### Source data
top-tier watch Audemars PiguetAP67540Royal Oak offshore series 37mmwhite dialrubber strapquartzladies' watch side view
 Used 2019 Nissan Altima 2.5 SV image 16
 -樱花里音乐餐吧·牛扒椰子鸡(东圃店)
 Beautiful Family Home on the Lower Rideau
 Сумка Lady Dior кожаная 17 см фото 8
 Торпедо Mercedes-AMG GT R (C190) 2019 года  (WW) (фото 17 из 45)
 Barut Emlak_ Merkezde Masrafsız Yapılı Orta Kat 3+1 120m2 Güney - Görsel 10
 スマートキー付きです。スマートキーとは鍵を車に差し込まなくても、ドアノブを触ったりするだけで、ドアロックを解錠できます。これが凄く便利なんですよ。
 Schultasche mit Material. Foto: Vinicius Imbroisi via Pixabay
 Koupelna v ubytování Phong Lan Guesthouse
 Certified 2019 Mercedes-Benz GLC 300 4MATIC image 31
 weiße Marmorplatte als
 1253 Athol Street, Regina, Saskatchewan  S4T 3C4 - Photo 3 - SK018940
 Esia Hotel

### Problem details
Nothing but the lines from the one that contains "weiße Marmorplatte als" to the end of the listing should be given again, each exactly as it appears.

### Result of the exercise
 weiße Marmorplatte als
 1253 Athol Street, Regina, Saskatchewan  S4T 3C4 - Photo 3 - SK018940
 Esia Hotel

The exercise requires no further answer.